Elton John semble avoir repris goût au succès avec son album précédent, "Too Low For Zero". Quoi de plus normal ? Aussi celui-ci décide-t-il de tout mettre en œuvre pour que son dix-huitième album studio lui apporte la même sensation grisante, faisant prendre pour l’occasion à sa carrière un tournant, ou du moins une inflexion, la menant de la voie sacrée du rock à celle de la pop.
Où se situe la frontière entre le rock et la pop ? Celle-ci est parfois bien difficile à définir et Elton John l’a régulièrement franchie dans ses derniers albums. Pop dérivant de populaire, en quoi le rock ne pourrait-il pas être populaire ? Néanmoins, on peut avancer que le rock contient en lui un esprit rebelle, cherchant à surprendre son public, voire à le choquer, là où la pop va au contraire essayer d’être la plus consensuelle possible en utilisant des recettes éprouvées qui plairont au plus grand nombre sans jamais effaroucher.
Et il faudrait être bien pusillanime pour s’effaroucher à l’écoute de "Breaking Hearts". Sa première face se partage entre quatre rocks mid-tempo bien fades qui essayent, sans y parvenir, de surfer sur la vague de ce qui avait contribué au succès de ‘I’m Still Standing’ et une ballade (le titre éponyme) honorable sans plus. Les choses sérieuses commencent avec le surprenant et sympathique reggae de ‘Passengers’. Signe des temps, ce titre, le plus original de l’album, est le seul pour lequel le duo John/Taupin s’est fait aider à la composition. Suivent deux ballades, ‘In Neon’ à classer dans les demi-réussites et ‘Burning Buildings’ sur laquelle Elton John retrouve des accents propres à faire naître l’émotion chez l’auditeur. ‘Did He Shoot Her’ est un rock entraînant à qui un sitar apporte une étrange touche orientale et précède le tube de l’album, ‘Sad Songs’, une ballade mid-tempo un brin répétitive mais dont le thème entre facilement en tête de ce fait.
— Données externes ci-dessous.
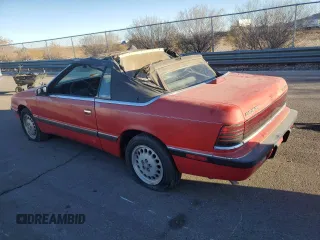 1989 Chrysler LeBaron z VIN 1C3XJ45K0KG251502, wystawiony jako Copart lot #87112404 z przebiegiem 166 445 mil mil oraz Tytuł czysty. Historia ofert i sprzedaży dostępna na DreamBid. Obrazek 2.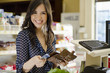 Cute woman paying at the cash register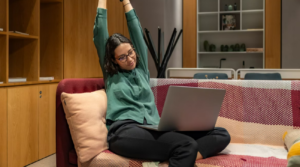 woman on couch with laptop, stretching and flexing her arms above her head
Pour servir ce menu sans piment mais aussi sans arête, Elton John est entouré de sa fidèle garde rapprochée, reléguée au rang de musiciens de studio : la rythmique est binaire, se contentant de marquer les temps, les guitares sont présentes mais n’ont guère le droit de s’exprimer en solo et les claviers sont discrets à en être transparents. Tout est au service du chant, centre d’intérêt de toutes ces "petites" chansons agréables mais sans surprise.
Au final, "Breaking Hearts" se révèle un album un peu trop lisse et consensuel. Difficile d’avoir un coup de cœur ou un coup de gueule pour ou contre l’un des titres de ce disque. A vouloir plaire au plus grand nombre, Elton John a gommé les petites aspérités qui faisaient le charme de ses grands albums, livrant une œuvre mineure dans sa longue discographie.